Setup & Assumptions: Consider a circular loop of radius R carrying a steady current I. We want to find the magnetic field B at the center O of the loop. According to the Biot-Savart Law, the magnetic field dB due to a small current element dl is given by:
dB = (μ₀ / 4π) * (I * dl * sinθ) / R²

Derivation Steps:

  1. For any current element dl on the circular loop, the angle θ between the length element dl and the position vector r pointing to the center O is exactly 90° (since the radius is perpendicular to the tangent at every point).
  2. Substituting θ = 90° (sin 90° = 1) into the Biot-Savart equation:
    dB = (μ₀ / 4π) * (I * dl) / R²
  3. The direction of the magnetic field dB due to all elements is the same (directed perpendicular to the plane of the loop, pointing inward or outward depending on current direction, by the right-hand grip rule). Therefore, we can find the total magnetic field B by integrating dB over the entire loop:
    B = ∫ dB = ∫ (μ₀ / 4π) * (I * dl) / R²
  4. Since μ₀, I, and R are constant, they can be pulled out of the integral:
    B = (μ₀I / 4πR²) ∫ dl
  5. The integral of dl over the circular loop is equal to its circumference, 2πR:
    ∫ dl = 2πR
  6. Substitute this back into the equation:
    B = (μ₀I / 4πR²) * (2πR)
    B = μ₀I / (2R)

For a coil consisting of N turns, multiply the result by N: B = μ₀NI / (2R).

---

5. Resonant Frequency in a Series LCR AC Circuit

Chapter: Alternating Current | Typical Marks: 3 | Frequency: High

Setup & Assumptions: Consider a resistor R, an inductor L, and a capacitor C connected in series across an alternating voltage source V = V_m sin(wt). The impedance Z of a series LCR circuit is given by:
Z = √[R² + (X_L − X_C)²]
where X_L = wL is the inductive reactance, and X_C = 1/(wC) is the capacitive reactance.

Derivation Steps:

  1. Electrical resonance occurs when the amplitude of the current in the circuit reaches its maximum value. This happens when the impedance Z is at its absolute minimum.
  2. For Z to be minimum, the term (X_L − X_C)² must equal zero. This yields the resonance condition:
    X_L = X_C
  3. Substitute the formulas for X_L and X_C at the resonant angular frequency w_r:
    w_r * L = 1 / (w_r * C)
  4. Rearranging the terms to solve for w_r:
    (w_r)² = 1 / (LC)
    w_r = 1 / √CD
  5. Since angular frequency w_r = 2πf_r, where f_r is the linear resonant frequency:
    2πf_r = 1 / √CD
    f_r = 1 / (2π√CD)

Highlight the final formula: f_r = 1 / (2π√(LC)). Under this condition, Z = R, and the power factor cosφ = 1 (purely resistive circuit).

---

6. Lens Maker's Formula

Chapter: Ray Optics and Optical Instruments | Typical Marks: 4 | Frequency: Extremely High (Guaranteed Section D candidate)
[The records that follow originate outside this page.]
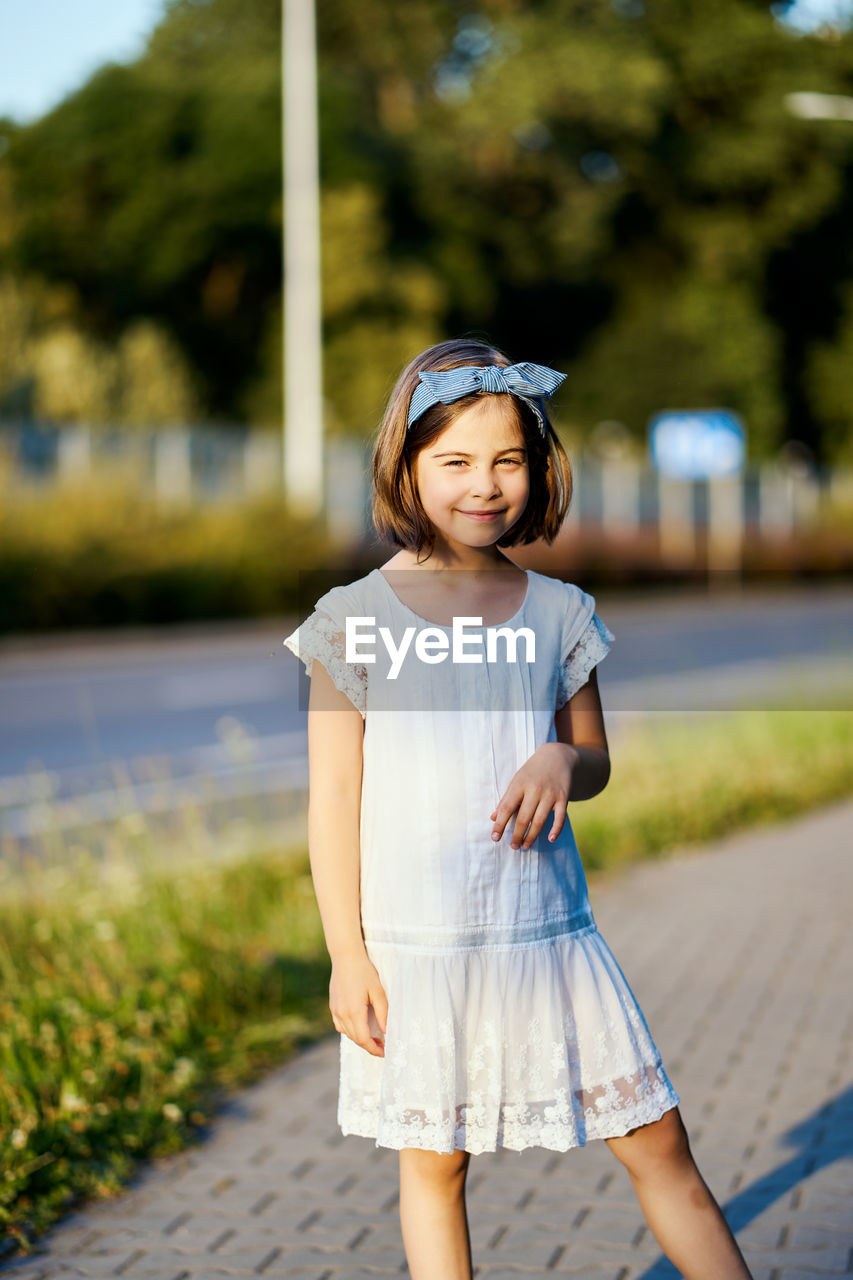 Portrait of girl standing on footpath in park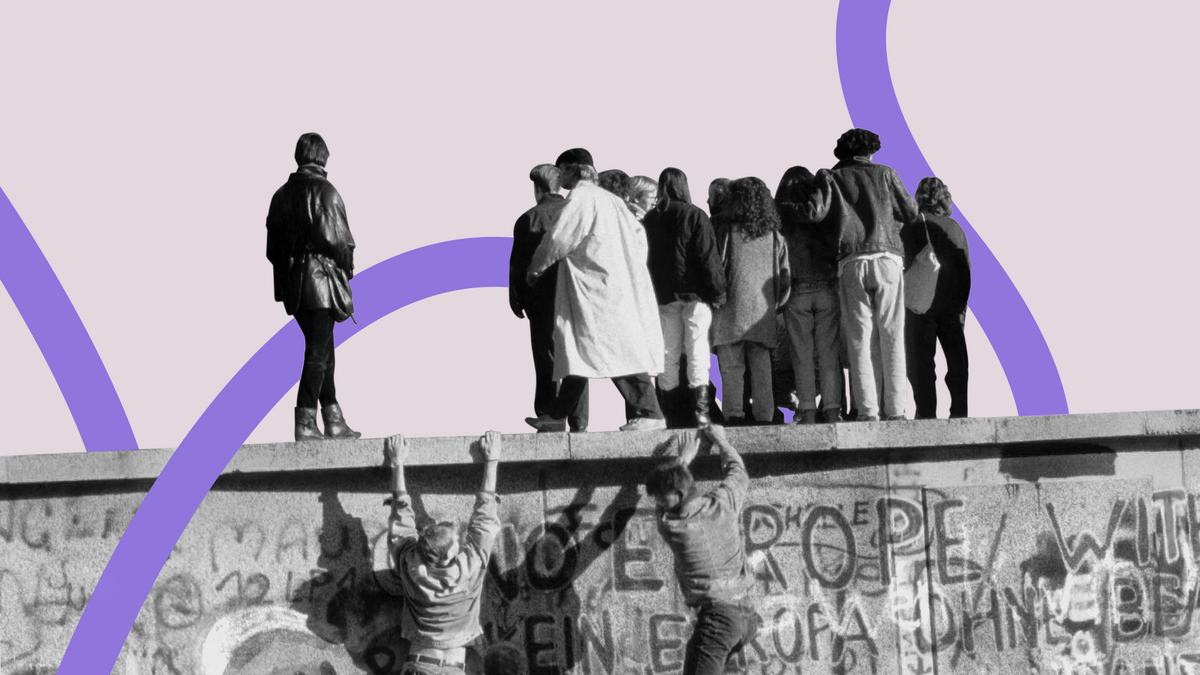 Menschen stehen auf der Berliner Mauer während des Mauerfalls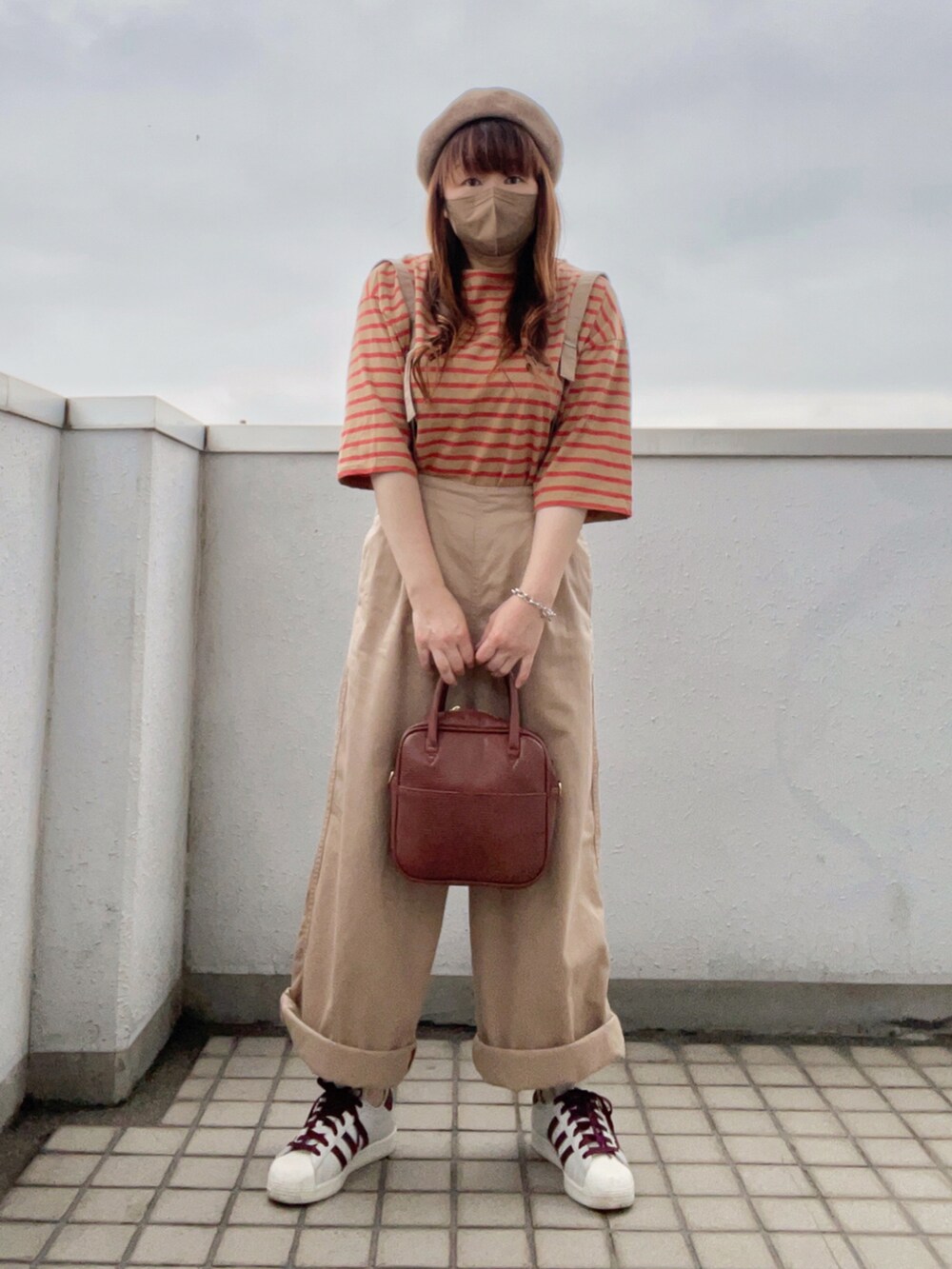 イエロー系のTシャツ/カットソー、ブラウン系のボストンバッグ、ホワイト系のスニーカーを着用したレディースの夏コーディネートの2枚目の写真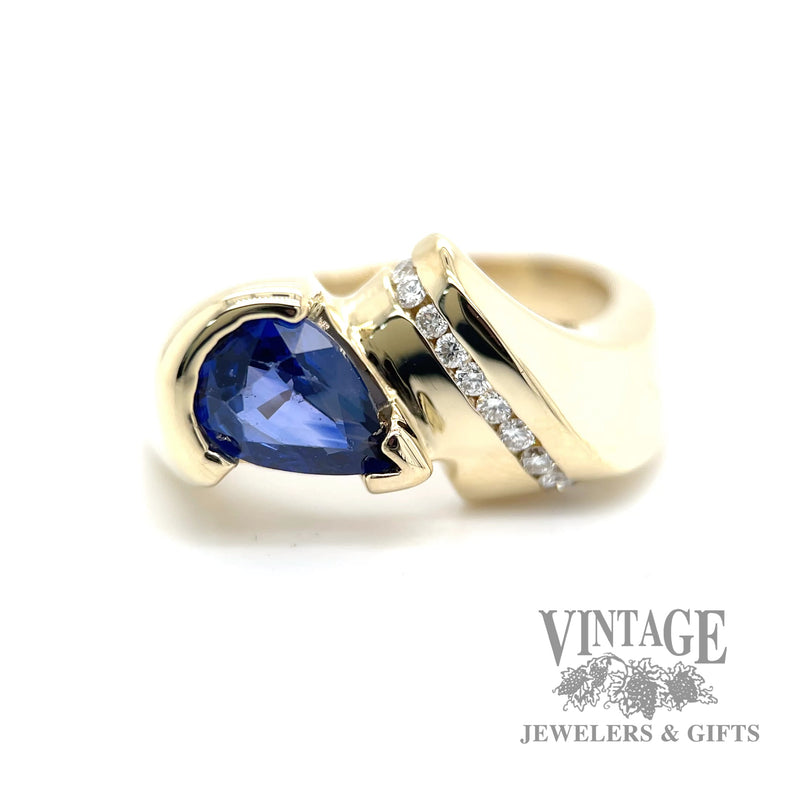 Pear shaped sapphire and diamond 14k gold bypass ring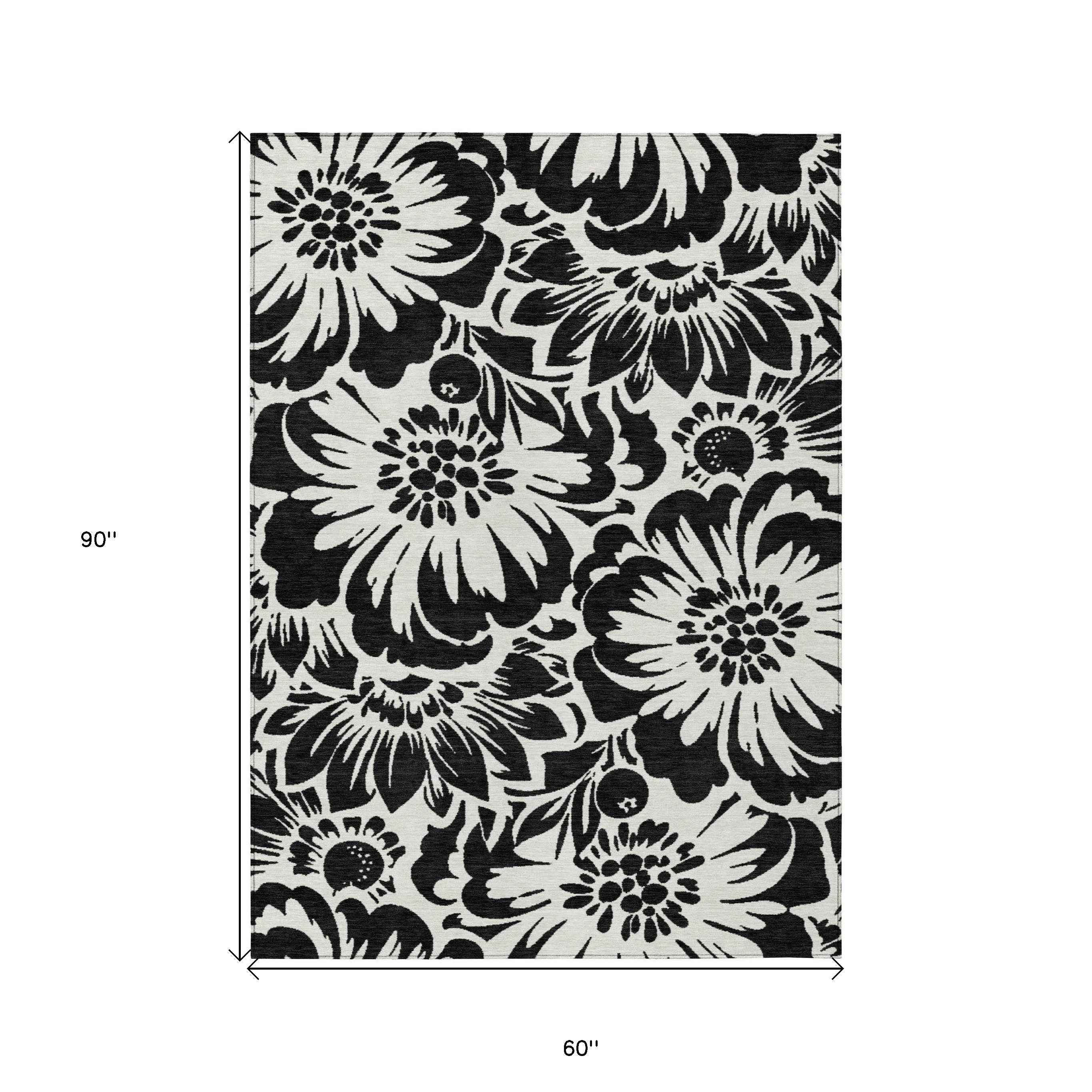 5' X 8' Black and Ivory Floral Washable Non Skid Indoor Outdoor Area Rug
Setup & Assumptions: Consider a thin convex lens made of a material of refractive index n₂ placed in a medium of refractive index n₁. Let R₁ and R₂ be the radii of curvature of the two spherical surfaces of the lens. Let a point object O be placed on the principal axis in front of the first surface.

Derivation Steps:

  1. Refraction at the first surface (radius R₁): The light ray from O travels from medium n₁ to n₂. If the second surface were absent, it would form an image at position v₁. Using the spherical refraction formula:
    n₂/v₁ − n₁/u = (n₂ − n₁)/R₁ —— (Equation 1)
  2. Refraction at the second surface (radius R₂): The refracting ray now travels from medium n₂ to n₁. The image I₁ formed by the first surface acts as a virtual object for this surface, forming the final image at v. Using the spherical refraction formula:
    n₁/v − n₂/v₁ = (n₁ − n₂)/R₂ —— (Equation 2)
  3. Adding Equation 1 and Equation 2:
    (n₂/v₁ − n₁/u) + (n₁/v − n₂/v₁) = (n₂ − n₁)/R₁ + (n₁ − n₂)/R₂
  4. The term n₂/v₁ cancels out. Rearranging the left side and factoring out (n₂ − n₁) on the right side:
    n₁(1/v − 1/u) = (n₂ − n₁) * [1/R₁ − 1/R₂]
  5. Divide both sides by n₁:
    (1/v − 1/u) = (n₂/n₁ − 1) * [1/R₁ − 1/R₂]
  6. Let n = n₂/n₁ be the relative refractive index of the lens with respect to the medium:
    (1/v − 1/u) = (n − 1) * [1/R₁ − 1/R₂]
  7. By definition of the focal length, if the object is at infinity (u = ∞), the image is formed at the principal focus (v = f). Substituting u = ∞ and v = f:
    1/f − 1/∞ = (n − 1) * [1/R₁ − 1/R₂]

Highlight the final Lens Maker's Formula: 1/f = (n − 1) * (1/R₁ − 1/R₂).

---

7. Refractive Index of a Prism (Prism Formula)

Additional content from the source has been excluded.